Exercise: Your copy should hold only the lines from the one containing "A heavy product." through the final line of the entries, exactly as written, with no pictures.

Material for this task:
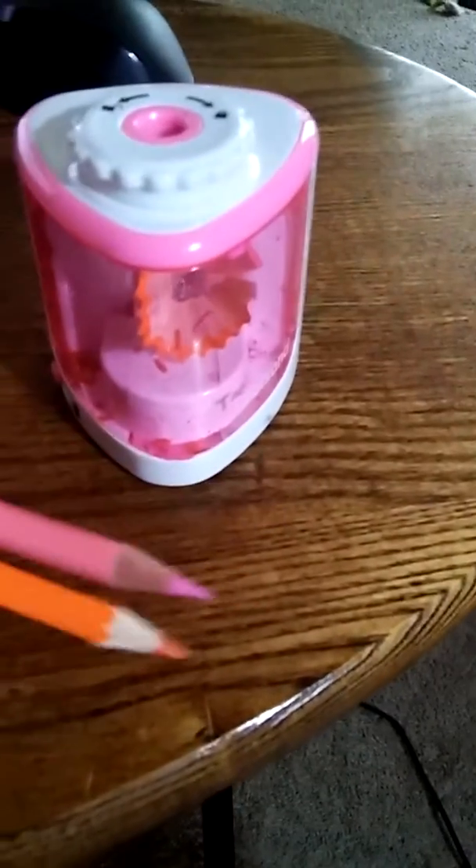You can see here the two pencils I've already sharpened and they have nice good tips on them. And there's the debris in the sharpener.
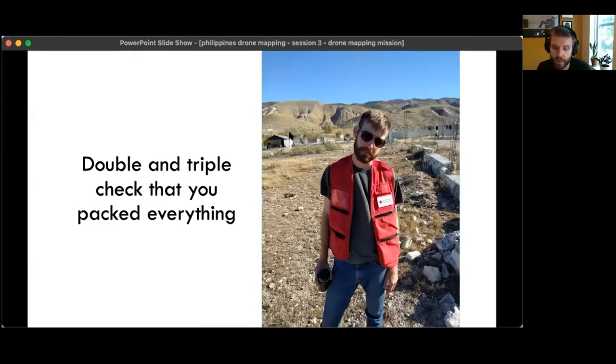When doing your missions, before you leave in the morning, double and triple check that you packed everything. Even if you think you can remember, make a list and go down it. In the past, my colleagues and I have driven 45 minutes to fly and then realized we forgot a key piece of equipment back at the office. Make the list and use it.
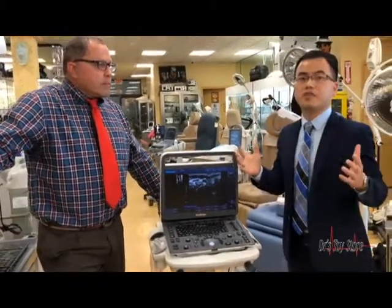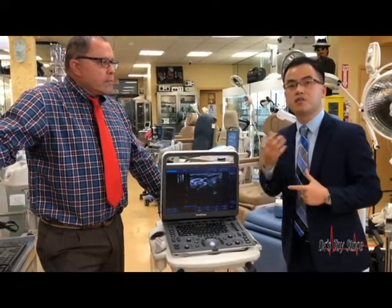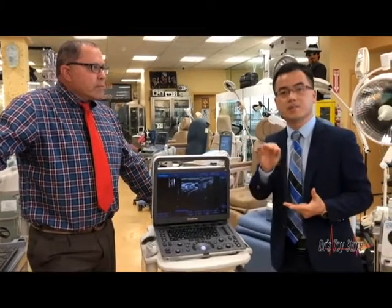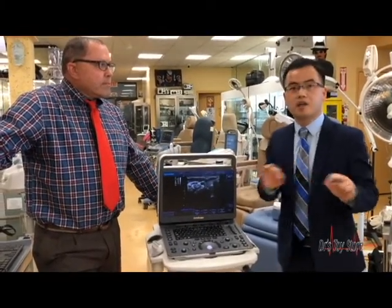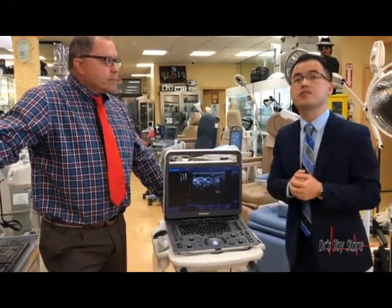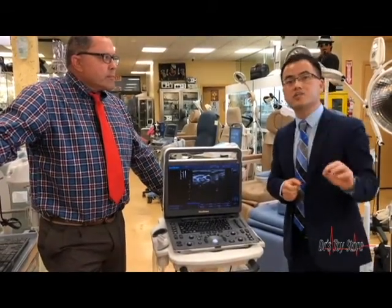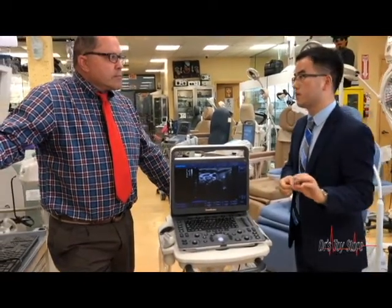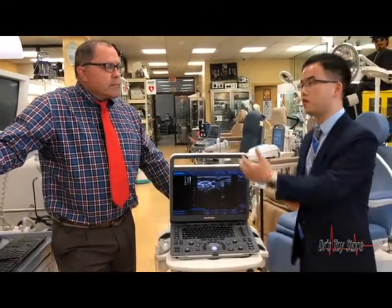The second point: if you look at the back, you can see there are three probe sockets, so you can insert three probes at one time — it gives you a very comfortable user experience. Third, even though this is a black and white system, it is built on a Color Doppler platform, so the image quality is very great, but the price point is as low as a black and white system. So these are the three selling points, and Doctor's Toy Store is our distributor.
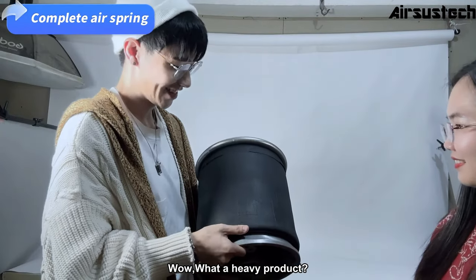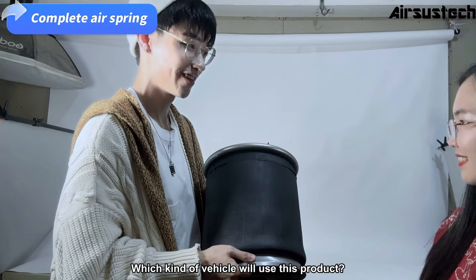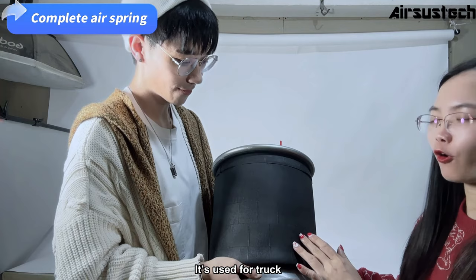A heavy product. Binda, which kind of vehicle will use this product? This is the complete air spring. It's used for truck, bus and trailer.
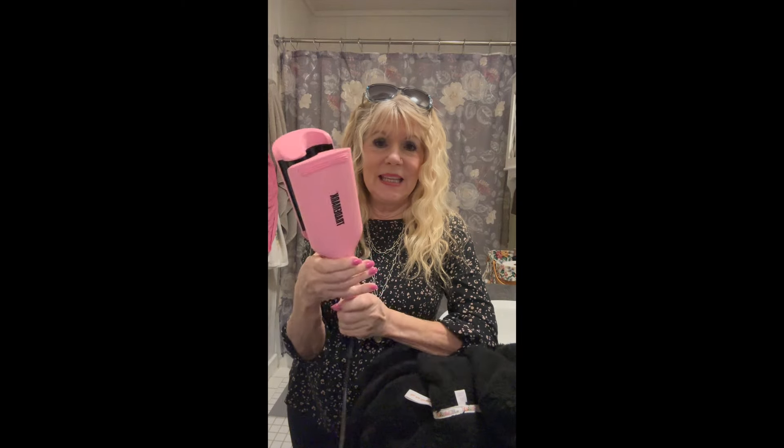Hey guys, welcome to my little corner of the internet. I'm going to get right into the review and demonstration of the Trademark Babe Waver — I found out the correct name a little later on.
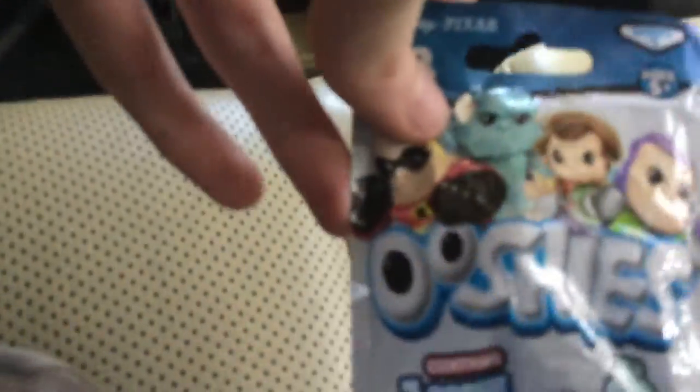What's up everyone, it's VHS DVD, Blu-ray Femes Australia, and today I've got another Ooshies unboxing.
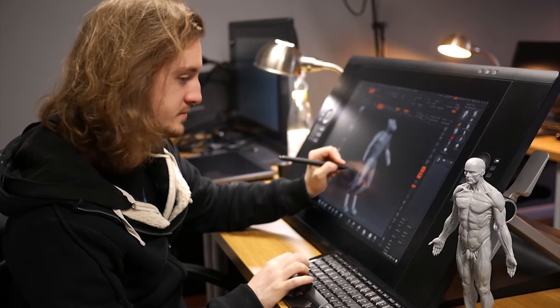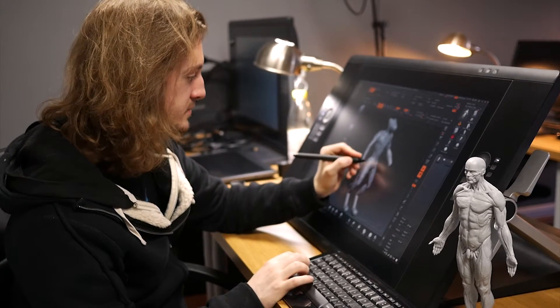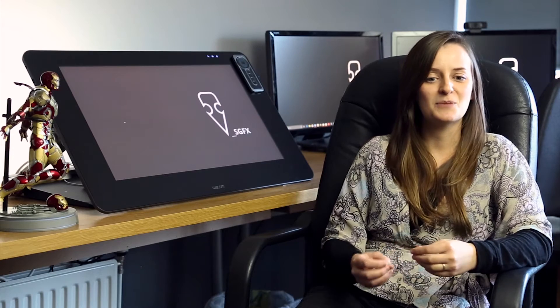I'll be practicing, hopefully doing a little piece or adding to a project every day so that I build up my skills. The bit that's the most enjoyable is the sort of freehand sculpting in ZBrush, when you can manipulate a blob into anything you want.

Task result:
A heavy product. Binda, which kind of vehicle will use this product? This is the complete air spring. It's used for truck, bus and trailer.
Hey guys, welcome to my little corner of the internet. I'm going to get right into the review and demonstration of the Trademark Babe Waver — I found out the correct name a little later on.
What's up everyone, it's VHS DVD, Blu-ray Femes Australia, and today I've got another Ooshies unboxing.
I'll be practicing, hopefully doing a little piece or adding to a project every day so that I build up my skills. The bit that's the most enjoyable is the sort of freehand sculpting in ZBrush, when you can manipulate a blob into anything you want.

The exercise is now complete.